_Web page caption snippets_.
▬▬▬

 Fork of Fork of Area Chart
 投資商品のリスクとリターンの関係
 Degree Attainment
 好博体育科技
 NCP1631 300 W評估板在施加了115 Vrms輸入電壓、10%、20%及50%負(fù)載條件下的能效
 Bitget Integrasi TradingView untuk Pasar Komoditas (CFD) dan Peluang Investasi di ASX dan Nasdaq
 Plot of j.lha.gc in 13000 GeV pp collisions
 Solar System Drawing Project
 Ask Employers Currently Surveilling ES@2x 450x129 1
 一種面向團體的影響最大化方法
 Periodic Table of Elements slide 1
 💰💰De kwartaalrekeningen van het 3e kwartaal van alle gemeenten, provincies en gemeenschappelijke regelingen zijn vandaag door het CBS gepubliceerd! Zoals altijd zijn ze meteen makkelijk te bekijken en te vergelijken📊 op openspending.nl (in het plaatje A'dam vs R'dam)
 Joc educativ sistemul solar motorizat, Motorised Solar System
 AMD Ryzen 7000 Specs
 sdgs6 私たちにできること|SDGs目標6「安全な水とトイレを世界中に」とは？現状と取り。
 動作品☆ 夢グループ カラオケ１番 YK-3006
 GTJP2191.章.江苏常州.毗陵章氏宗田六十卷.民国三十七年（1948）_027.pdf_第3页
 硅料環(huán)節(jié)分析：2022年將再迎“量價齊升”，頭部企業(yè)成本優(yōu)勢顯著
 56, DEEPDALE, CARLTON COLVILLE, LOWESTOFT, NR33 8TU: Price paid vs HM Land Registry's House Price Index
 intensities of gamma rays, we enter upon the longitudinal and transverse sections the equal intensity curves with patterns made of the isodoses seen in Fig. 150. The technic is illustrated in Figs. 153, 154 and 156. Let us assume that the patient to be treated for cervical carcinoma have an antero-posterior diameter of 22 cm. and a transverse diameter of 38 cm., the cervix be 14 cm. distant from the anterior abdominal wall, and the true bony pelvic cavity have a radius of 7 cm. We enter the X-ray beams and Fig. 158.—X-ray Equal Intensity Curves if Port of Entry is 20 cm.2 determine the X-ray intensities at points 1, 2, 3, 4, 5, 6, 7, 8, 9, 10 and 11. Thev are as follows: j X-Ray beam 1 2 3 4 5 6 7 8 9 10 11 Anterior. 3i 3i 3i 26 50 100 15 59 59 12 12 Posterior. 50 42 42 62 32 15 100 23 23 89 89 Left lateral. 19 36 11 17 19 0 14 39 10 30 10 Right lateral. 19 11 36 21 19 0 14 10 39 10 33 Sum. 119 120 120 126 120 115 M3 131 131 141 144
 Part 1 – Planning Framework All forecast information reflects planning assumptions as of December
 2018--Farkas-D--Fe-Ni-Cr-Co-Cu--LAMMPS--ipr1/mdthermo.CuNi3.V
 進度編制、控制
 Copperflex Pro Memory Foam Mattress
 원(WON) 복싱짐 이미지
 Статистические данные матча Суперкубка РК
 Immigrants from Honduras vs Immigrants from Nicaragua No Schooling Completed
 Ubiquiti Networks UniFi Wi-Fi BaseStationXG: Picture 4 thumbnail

▬▬▬

_Requirement_. The answer is every entry, repeated word for word.

_Solution to the exercise_.
 Fork of Fork of Area Chart
 投資商品のリスクとリターンの関係
 Degree Attainment
 好博体育科技
 NCP1631 300 W評估板在施加了115 Vrms輸入電壓、10%、20%及50%負(fù)載條件下的能效
 Bitget Integrasi TradingView untuk Pasar Komoditas (CFD) dan Peluang Investasi di ASX dan Nasdaq
 Plot of j.lha.gc in 13000 GeV pp collisions
 Solar System Drawing Project
 Ask Employers Currently Surveilling ES@2x 450x129 1
 一種面向團體的影響最大化方法
 Periodic Table of Elements slide 1
 💰💰De kwartaalrekeningen van het 3e kwartaal van alle gemeenten, provincies en gemeenschappelijke regelingen zijn vandaag door het CBS gepubliceerd! Zoals altijd zijn ze meteen makkelijk te bekijken en te vergelijken📊 op openspending.nl (in het plaatje A'dam vs R'dam)
 Joc educativ sistemul solar motorizat, Motorised Solar System
 AMD Ryzen 7000 Specs
 sdgs6 私たちにできること|SDGs目標6「安全な水とトイレを世界中に」とは？現状と取り。
 動作品☆ 夢グループ カラオケ１番 YK-3006
 GTJP2191.章.江苏常州.毗陵章氏宗田六十卷.民国三十七年（1948）_027.pdf_第3页
 硅料環(huán)節(jié)分析：2022年將再迎“量價齊升”，頭部企業(yè)成本優(yōu)勢顯著
 56, DEEPDALE, CARLTON COLVILLE, LOWESTOFT, NR33 8TU: Price paid vs HM Land Registry's House Price Index
 intensities of gamma rays, we enter upon the longitudinal and transverse sections the equal intensity curves with patterns made of the isodoses seen in Fig. 150. The technic is illustrated in Figs. 153, 154 and 156. Let us assume that the patient to be treated for cervical carcinoma have an antero-posterior diameter of 22 cm. and a transverse diameter of 38 cm., the cervix be 14 cm. distant from the anterior abdominal wall, and the true bony pelvic cavity have a radius of 7 cm. We enter the X-ray beams and Fig. 158.—X-ray Equal Intensity Curves if Port of Entry is 20 cm.2 determine the X-ray intensities at points 1, 2, 3, 4, 5, 6, 7, 8, 9, 10 and 11. Thev are as follows: j X-Ray beam 1 2 3 4 5 6 7 8 9 10 11 Anterior. 3i 3i 3i 26 50 100 15 59 59 12 12 Posterior. 50 42 42 62 32 15 100 23 23 89 89 Left lateral. 19 36 11 17 19 0 14 39 10 30 10 Right lateral. 19 11 36 21 19 0 14 10 39 10 33 Sum. 119 120 120 126 120 115 M3 131 131 141 144
 Part 1 – Planning Framework All forecast information reflects planning assumptions as of December
 2018--Farkas-D--Fe-Ni-Cr-Co-Cu--LAMMPS--ipr1/mdthermo.CuNi3.V
 進度編制、控制
 Copperflex Pro Memory Foam Mattress
 원(WON) 복싱짐 이미지
 Статистические данные матча Суперкубка РК
 Immigrants from Honduras vs Immigrants from Nicaragua No Schooling Completed
 Ubiquiti Networks UniFi Wi-Fi BaseStationXG: Picture 4 thumbnail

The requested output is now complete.